Lavanya and ASR for example. Would she have been with him if he had been his usual arrogant self, earned a decent amount of money , but less than her, not as rich? I remember a scene where an expensive gift from him was enough to take her attention completely away from him. There was a similar scene with Khushi during her birthday sequence, with completely different results. I am not comparing the two outcomes, nor am I judging either of the two characters. I am not even concerned about how much less/more both women care for this man. My question is, does not Lavanya's relationship with ASR constitute a different form of gold-digging too, since the basis for it, after all, is money? Or is it not so, simply because ASR is fully aware of the reasons she is with him, one of them being his money?

Again, Anjali frequently misuses her brother's money for her own purposes, even going behind his back to do it, yet there is no doubt that Shyam is the 'gold-digger', not her, because we know that she would probably still love her brother just as much if he lost all his money at the races one fine day.

My point is that there are too many ways of going about 'gold-digging' for the words to have a permanent effect on me. If someone called me that. of course I would be mad at them and probably would curse them to the deepest pits of hell. But I don't think I would find the incident unforgivable, given a bit of time. Also, being a pretty pragmatic sort of person, I can say without any shame that for me, at first glance, a moneyed man would be more attractive than a broke vella. & if I were stinking rich, I would choose my friends a little more carefully because being wary in such cases is definitely wise. Simply put, the whole thing just does not make me as angry as the rape question. It might sound a tad insensitive, but it's how it is.

As for proving I'm not a gold-digger, I don't understand why I should even bother. If it has to happen, it will happen. No matter how much I was attracted, to go about collecting proofs would be maligning my own character and self-respect.

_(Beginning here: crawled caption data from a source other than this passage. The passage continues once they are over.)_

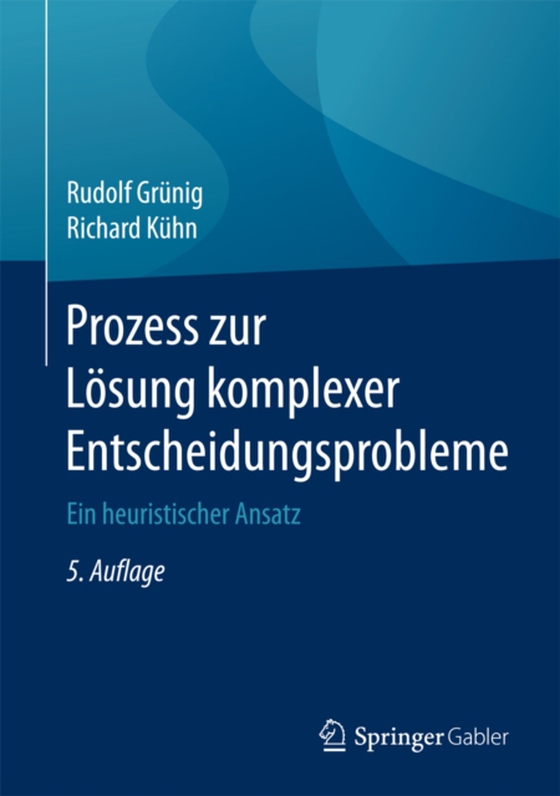 Prozess zur Lösung komplexer Entscheidungsprobleme (e-bog) af Kuhn, Richard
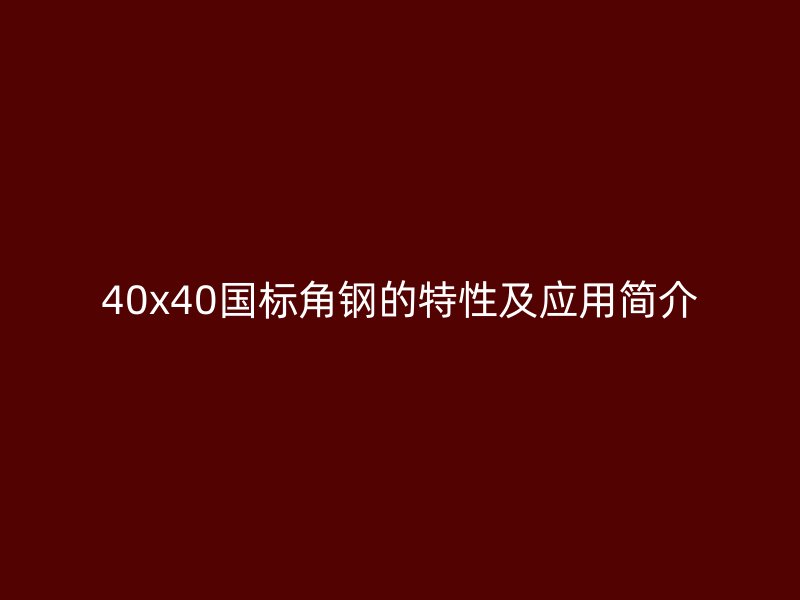 40x40國標(biāo)角鋼的特性及應(yīng)用簡介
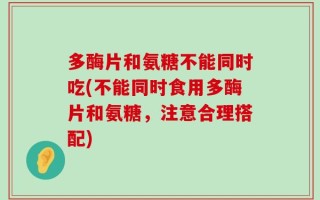 多酶片和氨糖不能同时吃(不能同时食用多酶片和氨糖，注意合理搭配)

Whether I actually fall in love with him depends on a lot of other external factors too. If there is a genuine relationship, taking money from him if you need it should not be a problem. It is related to an understanding between two people, not a question about their (financial) independence. But yes, I would consider it an unforgivable betrayal if this thing crops up after we get to know each other. That would be an insult to the whole relationship.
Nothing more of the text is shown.